“The videogame that is part of the article sucks. It is not fun to play, it is not exciting to explore, and its aesthetics are off-putting. In other words, it succeeds in its job perfectly. It provides a functioning role model for academic software: a quickly testable appendix that the reader can consult in case they wish to deepen their comprehension of the verbal argument. As scholars, we do not want to spend our working hours on processes that we already know more than well.

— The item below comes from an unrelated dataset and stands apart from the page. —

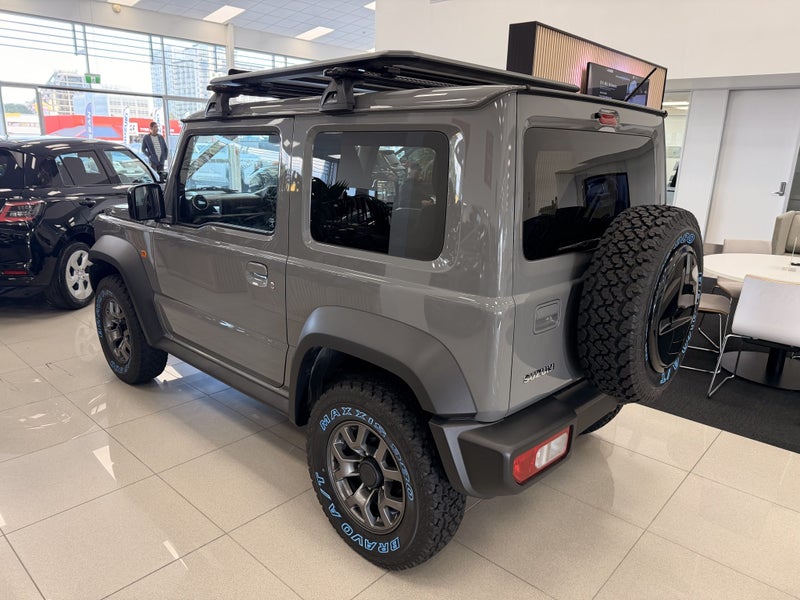 2025 Suzuki Jimny Sierra 1.5P/4Wd/4At image 5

I would, however, like to play the devil’s advocate for one more moment, and point out a potential issue related to the following description of the videogame: “The monster has, in fact, no functionally useful options for interacting with the room: the door does not open for its little red paws, the chest contains nothing, and the objects that are already in the room respond to the players’ actions as if they were cheap theatrical props.” While playing the videogame indeed confirms the description, it also reveals the paradox of play (most prominently addressed by David Myers’ long-lasting position): some players might actually find the unrewarding structure of the videogame rewarding since it enables a unique anti-environment for play. By enabling exploration and potential epiphany via winning (despite the semantically charged “game over” screen), it already succumbs to the standards of genre, mechanics, and theme. Probably, the only way to avoid the paradox would be to not provide the reader the possibility to play at all would be leaving the videogame unpublished cohere with the argument better, reframing it rather a potential, conceptual work of academic software?”
Reviewer 1 – Veli-Matti Karhulahti, University of Turku, March 2016.